*** DATA LISTING

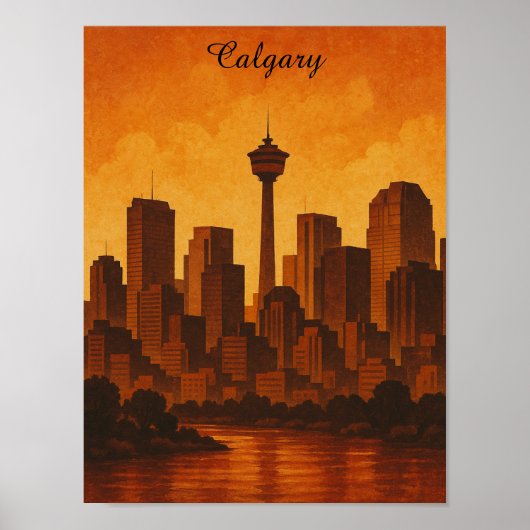 Calgary Canada Vintage Travel Cityscape Poster (Voorkant)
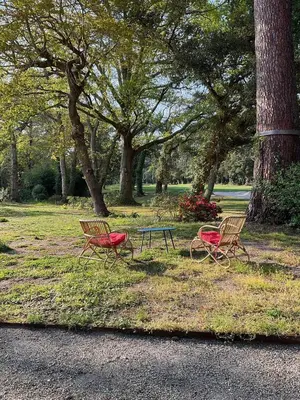 Jardin de l'établissement Villa CHEBEC Appartement en rez de jardin avec terrasse vue sur golf d Hossegor
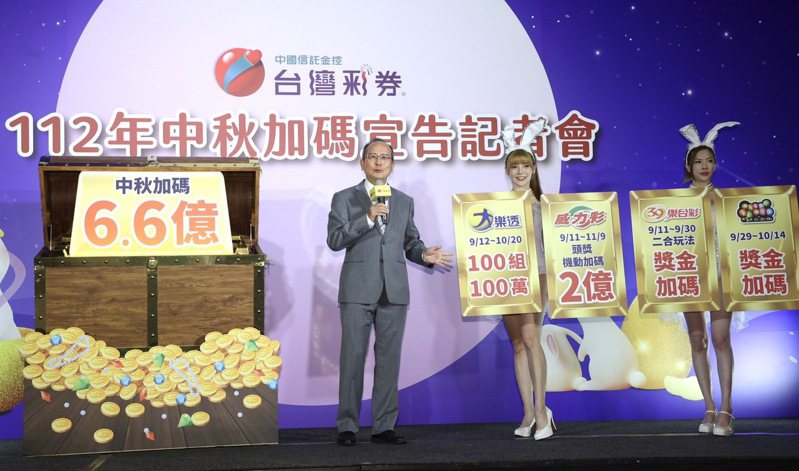 台彩總經理謝志宏（左）今天宣布中秋加碼方案。記者曾吉松／攝影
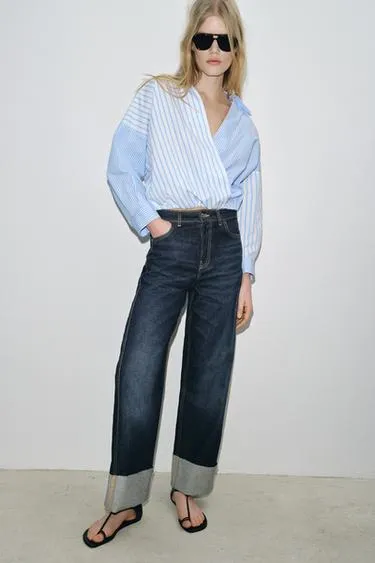 Рубашка из поплина в полоску с элементами пэчворка- Заказать в России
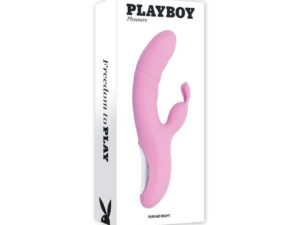 Evolved Playboy Rub Me Right Rechargeable Thrusting Dual Stimulator - Pink Petal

******

## TASK DESCRIPTION:
Please output all the records above exactly, leaving out every picture.

## REPLY TO THE TASK:
 Calgary Canada Vintage Travel Cityscape Poster (Voorkant)
 Jardin de l'établissement Villa CHEBEC Appartement en rez de jardin avec terrasse vue sur golf d Hossegor
 台彩總經理謝志宏（左）今天宣布中秋加碼方案。記者曾吉松／攝影
 Рубашка из поплина в полоску с элементами пэчворка- Заказать в России
 Evolved Playboy Rub Me Right Rechargeable Thrusting Dual Stimulator - Pink Petal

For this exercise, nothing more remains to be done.